PEO-PU/PAN semi-interpenetrating polymer networks for SPEs: influence of physical properties on the electrical characteristics

Synthesis and characterization of a new class of solid polymer electrolytes based on semi-interpenetrating polymer networks (semi-IPN) of poly(ethylene oxide)-polyurethane and poly(acrylonitrile) (PEO-PU/PAN) doped with lithium perchlorate is reported. With varying amount of PAN and LiClO4, room temperature conductivity increased over four orders of magnitude from 10−10 to 10−6 S cm−1. The change in physical properties of the bulk is seen to govern the conductivity behavior.
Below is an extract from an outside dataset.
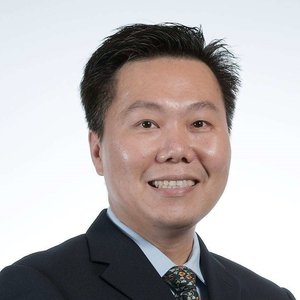 Alan Wong (Partnership Director of Heartland Enterprise Centre Singapore 新加坡邻里企业中心)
The temperature dependence of conductivity shows a transition from Arrhenius to VTF behavior above ∼328 K, which becomes more prominent with increasing salt content. By correlating the trends in DSC and XRD with the temperature dependence of conductivity, the change over to VTF behavior is attributed to the transition from semicrystalline to amorphous phase. The glass transition temperature for all the compositions is well below room temperature, in the range of −20 to −50 °C and the semi-IPN structure improves the tensile strength and modulus while retaining the flexibility of the host polymer. These studies have shown the feasibility of the synthesized PEO-PU/PAN semi-IPNs to be used as an ideal host for solid polymer electrolytes.